Correlation matrix visualization in Matplotlib - Time & Space Complexity

We want to understand how the time needed to create a correlation matrix visualization changes as the data size grows.

How does the number of variables affect the work matplotlib does to draw the matrix?

Analyze the time complexity of the following code snippet.

import matplotlib.pyplot as plt
import numpy as np

# Generate random data
np.random.seed(0)
data = np.random.rand(100, 5)  # 100 rows, 5 variables

# Compute correlation matrix
corr = np.corrcoef(data, rowvar=False)

# Plot correlation matrix
plt.imshow(corr, cmap='coolwarm', vmin=-1, vmax=1)
plt.colorbar()
plt.show()

This code creates a correlation matrix from 5 variables and shows it as a colored grid.

Identify the loops, recursion, array traversals that repeat.

• Primary operation: Calculating correlations between each pair of variables.
• How many times: For n variables, correlations are computed for each pair, about n x n times.

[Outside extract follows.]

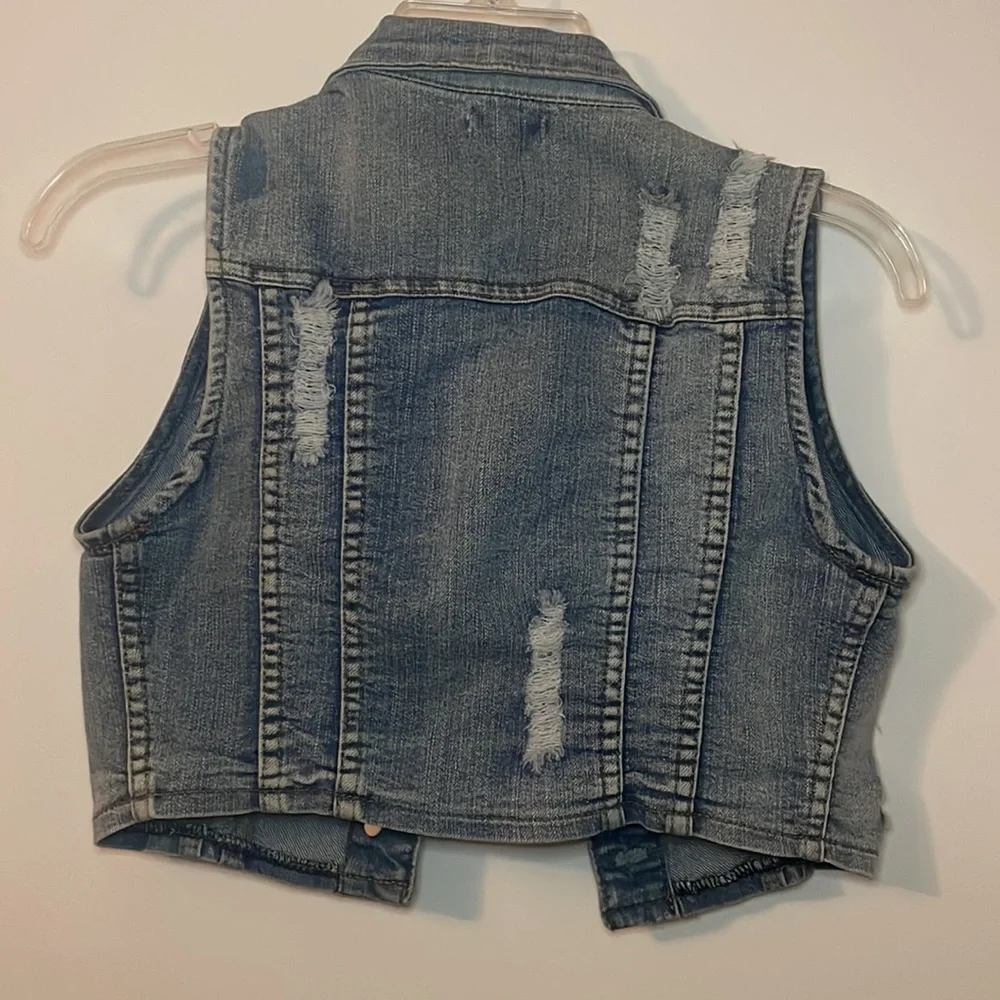 - $11 was $20 ChiQle distressed jean jacket medium wash size small 90’s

As the number of variables increases, the number of pairs grows quickly.

Input Size (n)	Approx. Operations
5	25
10	100
100	10,000

Pattern observation: The operations grow roughly by the square of the number of variables.

Time Complexity: O(n2)

This means if you double the number of variables, the work to compute and draw the matrix roughly quadruples.

[X] Wrong: "The time to create the correlation matrix grows linearly with the number of variables."

[OK] Correct: Because each variable pairs with every other variable, the number of pairs grows much faster than the number of variables alone.

Understanding how visualization time grows with data size helps you explain performance and scalability clearly in real projects.

"What if we only visualize the upper triangle of the correlation matrix? How would the time complexity change?"